Databases and general-purpose file servers are examples of random I/O environments. In random I/O, the time spent waiting for disk seeks and rotational latency dominates I/O service time.
Why do I need to know about random I/O?
You can optimize the performance of your configuration to take advantage of a random I/O environment.
What is the general strategy for configuring for a random I/O environment?
You want all disk spindles to be busy most of the time servicing I/O requests. Random I/O requests are small (typically 2-8 Kbytes), so it's not efficient to split an individual request of this kind onto multiple disk drives.
The interlace size doesn't matter, because you just want to spread the data across all the disks. Any interlace value greater than the typical I/O request will do.

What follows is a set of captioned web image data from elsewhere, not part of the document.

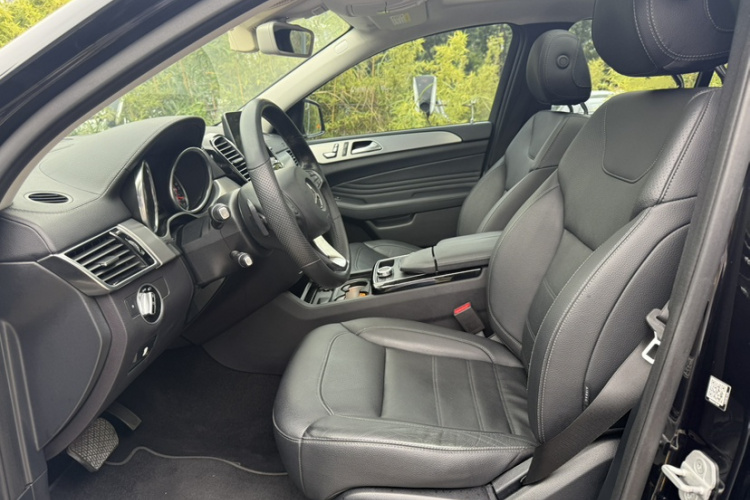 奔驰GLE轿跑 2015款 GLE 320 4MATIC 轿跑SUV中控内饰7008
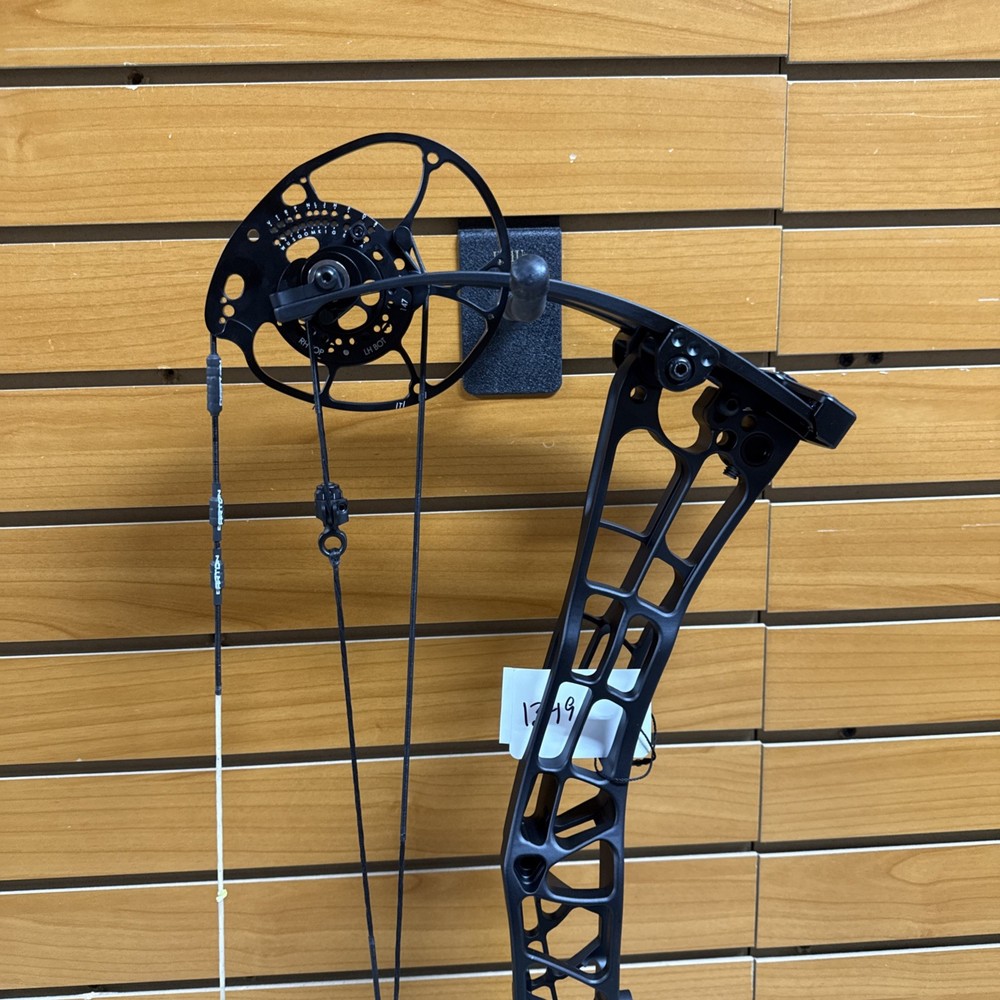 Item 3842 - Darton Archery Compound Bow - Tritech 35 - RH - Black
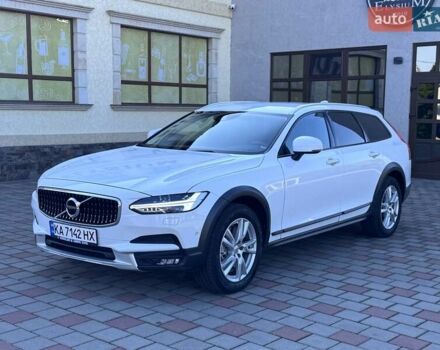 Белый Вольво В90, объемом двигателя 2 л и пробегом 242 тыс. км за 26300 $, фото 10 на Automoto.ua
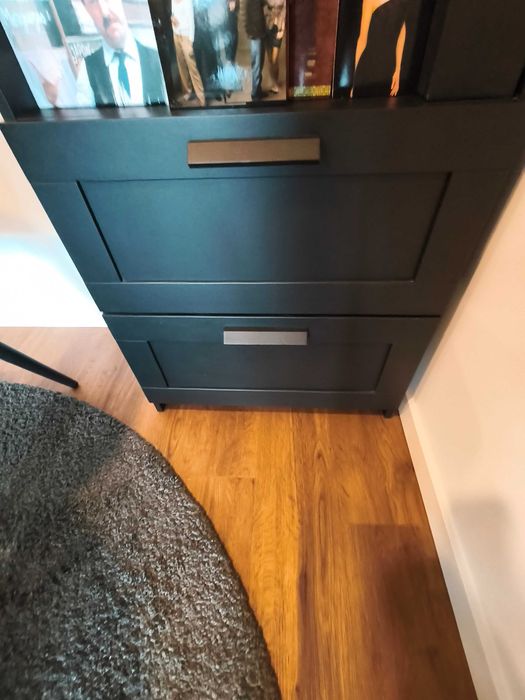 Estante BRIMNES IKEA, cor preto.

For example, assume you have 4.2 Gbytes DBMS table space. If you stripe across four 1.05-Gbyte disk spindles, and if the I/O load is truly random and evenly dispersed across the entire range of the table space, then each of the four spindles will tend to be equally busy.

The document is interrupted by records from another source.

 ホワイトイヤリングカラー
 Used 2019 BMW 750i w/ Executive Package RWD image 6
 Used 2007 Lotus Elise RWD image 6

The target for maximum random I/O performance on a disk is 35 percent or lower as reported by DiskSuite Tool's performance monitor, or by iostat(1M). Disk use in excess of 65 percent on a typical basis is a problem. Disk use in excess of 90 percent is a major problem.
If you have a disk running at 100 percent and you stripe the data across four disks, you might expect the result to be four disks each running at 25 percent (100/4 = 25 percent). However, you will probably get all four disks running at greater than 35 percent since there won't be an artificial limitation to the throughput (of 100 percent of one disk).